2) In this example there is a more physical representation of their understanding. Heaven, the Forms, and the Knowledge are placed at the top in order to indicate that these things are thought of as ‘higher’ or, indeed, ‘highest’. The soul then bridges the gap between heaven and reality. Socrates is also there, bridging this gap – ‘like a philosopher freed from his chains’ in this child’s words. They chose also to bring attention to a question they have about Aristotle’s dualism too. They weren’t quite sure about this so they placed Aristotle lower down, closer to the ‘ground’, with Plato slightly higher and Socrates highest to indicate their particular philosophical focuses.




Observations

There are lots of examples, but I hope from these two you can see where misconceptions can be identified as well as where they strongest links have been made.
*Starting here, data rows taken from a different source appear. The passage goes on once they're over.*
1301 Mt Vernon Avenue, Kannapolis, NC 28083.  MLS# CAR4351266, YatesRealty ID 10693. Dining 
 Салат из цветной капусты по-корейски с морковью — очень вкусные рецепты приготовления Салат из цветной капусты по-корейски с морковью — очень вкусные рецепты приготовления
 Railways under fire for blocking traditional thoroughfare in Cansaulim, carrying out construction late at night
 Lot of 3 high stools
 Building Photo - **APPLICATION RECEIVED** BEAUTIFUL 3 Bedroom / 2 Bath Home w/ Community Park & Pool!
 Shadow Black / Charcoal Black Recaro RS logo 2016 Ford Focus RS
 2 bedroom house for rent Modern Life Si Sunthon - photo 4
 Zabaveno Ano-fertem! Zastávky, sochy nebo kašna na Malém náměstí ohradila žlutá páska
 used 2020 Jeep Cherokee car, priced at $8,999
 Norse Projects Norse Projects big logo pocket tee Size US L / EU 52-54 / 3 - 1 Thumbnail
I have long thought that the biographical is essential to the studying of philosophy, it has been argued that this becomes less important as you progress through the canon all the way through to modern day philosophers, but this is to exclude the influence of the historical and the political. At KS2 level I want the children to know these people, to place them in time and have some idea of the backdrop against which these ideas formed. Placing them in my philosophy timeline their influence is discussed in multiple lessons. In previous years the children have requested to look at Stoicism, female Philosophers and Christian, Islamic and Buddhists concepts of the soul and how they compare. This year I wanted to home in on fewer things, in greater depth. It has certainly paid-off. A focus on key, technical vocabulary that then enables children to think, sequence and discuss a topic at such a high level has been a great discovery this year and I would not have done it without #TeamRE.


Takeaways:

· Note Taking: Train your children in the Cornell note taking method, use a margin-less or customised exercise book in class. It takes a lesson to get them used to it but they can then keep notes, return to and add to their understanding as your curriculum roles on. My class take this note pad with them everywhere and they are encouraged to make links between subjects. They might use their science notes in English or their Geography notes in maths for example.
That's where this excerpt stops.